David Lynch is namechecked by Simon Stephens in the programme notes to his new play 'Three Kingdoms', and fans of Lynch's surreal oeuvre will surely find that this hallucinatory collaboration between the Lyric, Munich Kammerspiele and Estonia's Teater No99 (presented as part of World Stages London) will scratch an itch that's been bothering them since Lynch last made a film six years ago. 'Three Kingdoms' pings the bizarre-o-meter somewhere between 'Mulholland Drive' and 'Inland Empire' and is consequently somewhat hard to summarise or define, but let's give it a shot.

At its most basic level, Stephens has written a drama about two British detectives – grouchy Ignatius Stone (Nicolas Tennant) and nerdy Charlie Lee (Ferdy Roberts) – who embark upon an increasingly disorientating journey across Europe in order to apprehend the killer of a sex-trafficked Estonian prostitute.

Its lengthy first half could almost be a fish-out-of-water buddy comedy. In Ignatius and Charlie, Stephens has created two funny, humble, very British characters, and Tennant and Roberts play them with tremendous commitment and comic chemistry, their bickering, everyman humanity offering an accessible counterpoint to the archly weird European environment conjured by visionary German director Sebastian Nübling.

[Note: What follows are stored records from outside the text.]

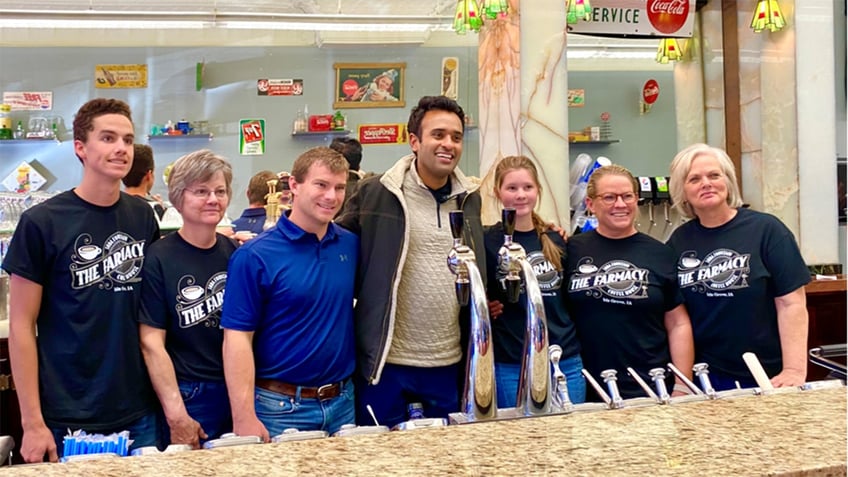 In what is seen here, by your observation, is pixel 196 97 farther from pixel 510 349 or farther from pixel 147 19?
pixel 510 349

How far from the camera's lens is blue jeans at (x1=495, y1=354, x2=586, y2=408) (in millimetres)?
2109

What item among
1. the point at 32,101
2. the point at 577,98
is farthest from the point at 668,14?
the point at 32,101

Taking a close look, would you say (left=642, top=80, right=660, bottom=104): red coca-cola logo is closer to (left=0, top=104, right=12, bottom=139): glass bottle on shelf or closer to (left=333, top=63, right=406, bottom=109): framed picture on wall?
(left=333, top=63, right=406, bottom=109): framed picture on wall

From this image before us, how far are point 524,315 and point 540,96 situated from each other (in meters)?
2.44

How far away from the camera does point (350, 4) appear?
687cm

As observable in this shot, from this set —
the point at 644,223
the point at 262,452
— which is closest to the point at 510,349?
the point at 262,452

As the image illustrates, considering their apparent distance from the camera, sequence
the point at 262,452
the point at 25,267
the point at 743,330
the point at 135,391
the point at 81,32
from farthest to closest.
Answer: the point at 81,32 < the point at 743,330 < the point at 135,391 < the point at 25,267 < the point at 262,452

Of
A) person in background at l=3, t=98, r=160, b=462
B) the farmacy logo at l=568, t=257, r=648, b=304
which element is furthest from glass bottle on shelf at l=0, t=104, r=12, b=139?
the farmacy logo at l=568, t=257, r=648, b=304

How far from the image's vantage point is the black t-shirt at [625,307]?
2.15 m

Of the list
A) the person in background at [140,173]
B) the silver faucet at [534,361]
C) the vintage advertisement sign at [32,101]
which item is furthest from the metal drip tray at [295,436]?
the vintage advertisement sign at [32,101]

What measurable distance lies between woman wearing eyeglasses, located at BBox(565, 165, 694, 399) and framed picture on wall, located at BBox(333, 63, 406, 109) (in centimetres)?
520

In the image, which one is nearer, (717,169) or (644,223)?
(717,169)

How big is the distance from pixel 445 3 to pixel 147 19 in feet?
9.42

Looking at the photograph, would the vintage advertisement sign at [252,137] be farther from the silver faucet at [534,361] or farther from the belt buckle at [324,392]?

The iconography of trafficking is present in 'Three Kingdoms', but in distant, chillingly abstracted fashion, as women emerge from suitcases or don deer's heads while wolf-masked pimps look on (immense credit to Ene-Liis Semper, whose costume designs are stunning). Rather than a gritty interrogation of the daily realities of the vice industry, Stephens and Nübling offer up a cautionary fable of globalism: the sex trade is presented clinically here as an inevitable result of capitalism; it exists simply because there is a market for it.

Hammered home by a pithy speech in the second half, this is one of the clearer arguments in a sprawling play. There are multiple themes: insecure male sexuality; the disorientation of travel in a world denatured by globalisation. But this show is certainly not one for fans of a simple message or linear plotting.

'Three Kingdoms' is never entirely fathomable but it is tremendously compelling. It is indulgent in its way – it could run at less than the current three hours without losing its impact. Yet Stephens's baggy, blackly hilarious script is marked by a great joy in writing, a love of his characters and relish for exploring this twilit European underworld he has created. It is tremendously well acted by the international ensemble, and Nübling imbues it with a beautifully watchable rhythm that only flags a little in the second half.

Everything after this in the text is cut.